The Green Rock

Over dinner recently with Heronswood’s brilliant new plant collector, Simon Crawford, I learned that what we regard as soil resulted from plant life, not the other way around.

While not quite as simple as that, it’s true that plants created land, as in “land, ho!” or “this is good earth—our crops will grow here”, etc.  The brown and black stuff plants grow in?

In fact, most of the land that isn’t rock was formed by millions of years of plant life—especially their evolving root systems.

Over millennia, plants actually gathered soil beneath them—they created it.  Grew it.  Soil doesn’t grow plants; plants grow soil.  I mean, duh.

It was a bit weird to hear this over cocktails.  A spectacular, biblical type of insight—through the alcohol haze I discern . . . a green rock.

Grace Romero and Bill Rein, our “crackerjack” research team, in the immortal words of The New York Times’ Anne Raver, added more insights the following day.  Bill said that water used to flood characteristically across the land and only “braid” through early plants.  Then, some 400 million years ago, forests emerged—plants bound together in a common yet competitive struggle toward sunlight—and caused water to “meander” and thus become rivers.  Roots wove together as well as to substrate so firmly that they “dominated” the earth and, in effect, created soil to serve their existence.

The great mega tree of this period, a precursor to today’s giant flowering forest trees, is called “Archeopteris”.  It was non-flowering—a sort of giant proto pine with fern-like leaves and mega-spores.  It covered most of the planet’s land mass and provided it with its first large and effective shaded environment—a huge step in botanical history.

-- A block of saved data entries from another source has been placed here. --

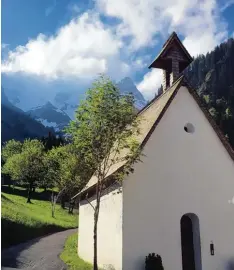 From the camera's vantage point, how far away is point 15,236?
85.5 ft

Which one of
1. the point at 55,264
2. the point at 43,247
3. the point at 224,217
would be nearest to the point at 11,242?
the point at 43,247

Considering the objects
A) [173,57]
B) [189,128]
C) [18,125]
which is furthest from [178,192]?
[18,125]

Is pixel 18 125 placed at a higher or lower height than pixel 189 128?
higher

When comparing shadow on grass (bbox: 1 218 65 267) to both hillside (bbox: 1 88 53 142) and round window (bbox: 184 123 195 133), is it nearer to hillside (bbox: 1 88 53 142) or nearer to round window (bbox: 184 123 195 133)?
round window (bbox: 184 123 195 133)

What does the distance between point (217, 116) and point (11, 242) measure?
8577 centimetres

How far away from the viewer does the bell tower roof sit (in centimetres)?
1931

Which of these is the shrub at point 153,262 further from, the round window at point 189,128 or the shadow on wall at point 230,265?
the round window at point 189,128

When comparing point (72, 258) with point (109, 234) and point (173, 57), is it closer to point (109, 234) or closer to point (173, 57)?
point (109, 234)

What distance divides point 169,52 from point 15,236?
16.9 metres

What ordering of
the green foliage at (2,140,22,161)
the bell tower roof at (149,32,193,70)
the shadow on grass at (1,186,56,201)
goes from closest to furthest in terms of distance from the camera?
the bell tower roof at (149,32,193,70) < the shadow on grass at (1,186,56,201) < the green foliage at (2,140,22,161)

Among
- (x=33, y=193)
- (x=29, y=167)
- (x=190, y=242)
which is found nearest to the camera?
(x=190, y=242)

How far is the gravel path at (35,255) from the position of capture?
1706cm

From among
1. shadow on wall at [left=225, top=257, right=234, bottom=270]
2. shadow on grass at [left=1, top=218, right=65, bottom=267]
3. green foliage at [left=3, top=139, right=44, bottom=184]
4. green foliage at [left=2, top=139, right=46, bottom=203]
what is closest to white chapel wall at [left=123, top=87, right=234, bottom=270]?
shadow on wall at [left=225, top=257, right=234, bottom=270]

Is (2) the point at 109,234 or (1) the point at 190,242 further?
(1) the point at 190,242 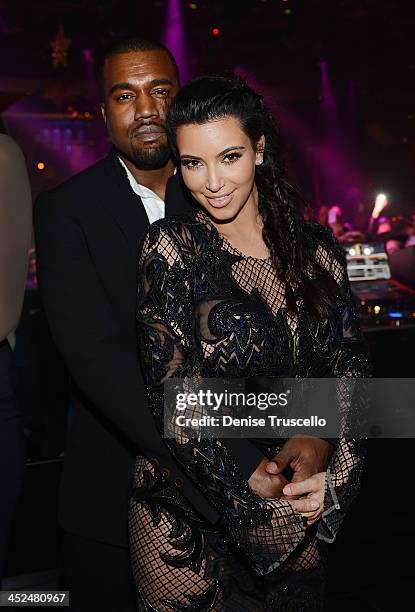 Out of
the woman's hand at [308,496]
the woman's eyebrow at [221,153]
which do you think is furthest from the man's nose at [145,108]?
the woman's hand at [308,496]

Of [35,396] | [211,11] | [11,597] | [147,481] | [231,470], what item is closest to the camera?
[231,470]

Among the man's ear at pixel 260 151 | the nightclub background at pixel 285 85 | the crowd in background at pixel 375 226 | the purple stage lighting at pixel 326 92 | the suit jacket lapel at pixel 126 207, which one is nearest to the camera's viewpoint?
the man's ear at pixel 260 151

I was aware of the formation of oxygen—and our atmosphere—by plant life but, brother, I felt stupid when I learned this other, simple “rock to earth” sequence.  More correctly, the rock was covered by plants, and then by earth.

More or less.

This entry was posted on Monday, October 19th, 2009 at 8:22 pm and is filed under Original Posts. You can follow any responses to this entry through the RSS 2.0 feed. Both comments and pings are currently closed.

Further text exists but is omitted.